Protected areas safeguard important refuges for wildlife, but a major new analysis suggests they cover only a small fraction of the ranges used by the world’s large carnivores – leaving many species exposed to habitat loss, persecution and other human pressures.
Published in Science Advances and reported by Mongabay, the study mapped the distributions of dozens of carnivore species against the global network of protected areas and human activity. The authors found that for many predators – from wolves and big cats to smaller specialist carnivores – significant parts of their ranges lie outside formally protected boundaries, where threats are far higher.
That shortfall has practical consequences. Outside protected spaces, carnivores face farmland expansion, infrastructure, livestock encroachment and conflict with people, as well as illegal killing and incidental mortality such as snaring. The paper shows these pressures are often concentrated close to protected-area edges, meaning that merely expanding park coverage without tackling threats at boundaries will do little to secure predator populations.
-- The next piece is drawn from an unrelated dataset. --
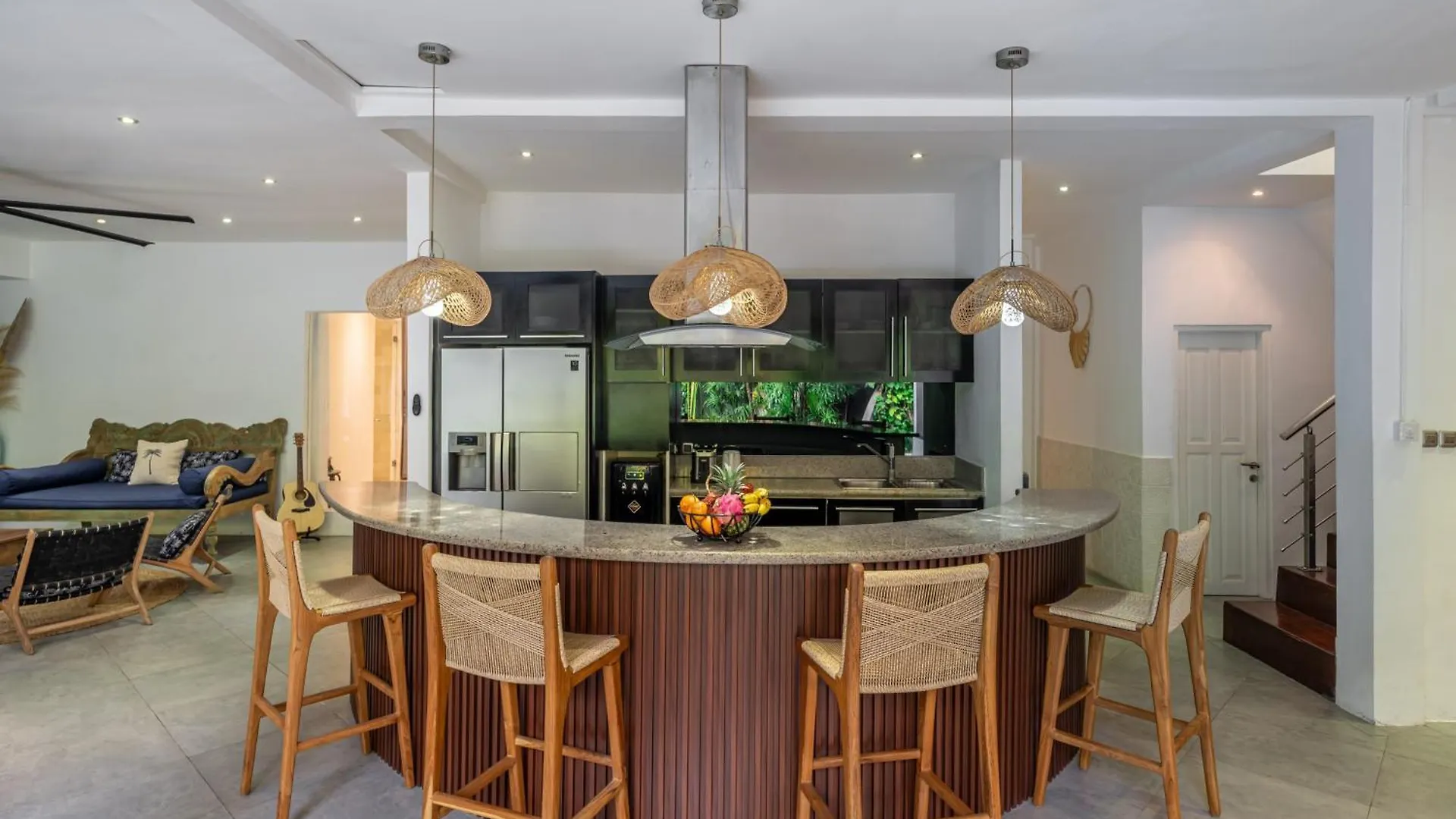 Villa Alchemy Private 4 Bedroom Eat Street 10 Steps To Revolver Cafe Seminyak  0*, Seminyak (Bali)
Small carnivores, such as Stoats, play important roles in their ecosystems and are experiencing declines parallel to those of large carnivores globally (Paul Reed).
Predator protections
The authors put the finding bluntly: protecting more land is necessary but not sufficient. To safeguard carnivores long-term, conservation must combine well-sited protected areas with measures that reduce threats in surrounding landscapes. That includes improving habitat connectivity to allow animals to move between reserves, stricter controls on poaching and snaring, better livestock-protection measures, and targeted management in key unprotected strongholds.
The study also highlights the unevenness of protection. Some species have much of their remaining habitat inside reserves, while others – especially wide-ranging or human-tolerant species – depend heavily on unprotected lands. That means conservation plans need to be species-specific, prioritising areas where interventions will most reduce extinction risk.
Researchers call for smarter use of limited conservation funds. Rather than blanket expansion, they recommend identifying and securing the most important remaining patches for carnivores, and investing in threat-reduction where it will deliver the biggest gains. They also stress the role of local communities and landowners – mitigating human-predator conflict and offering incentives for coexistence are central to any successful strategy.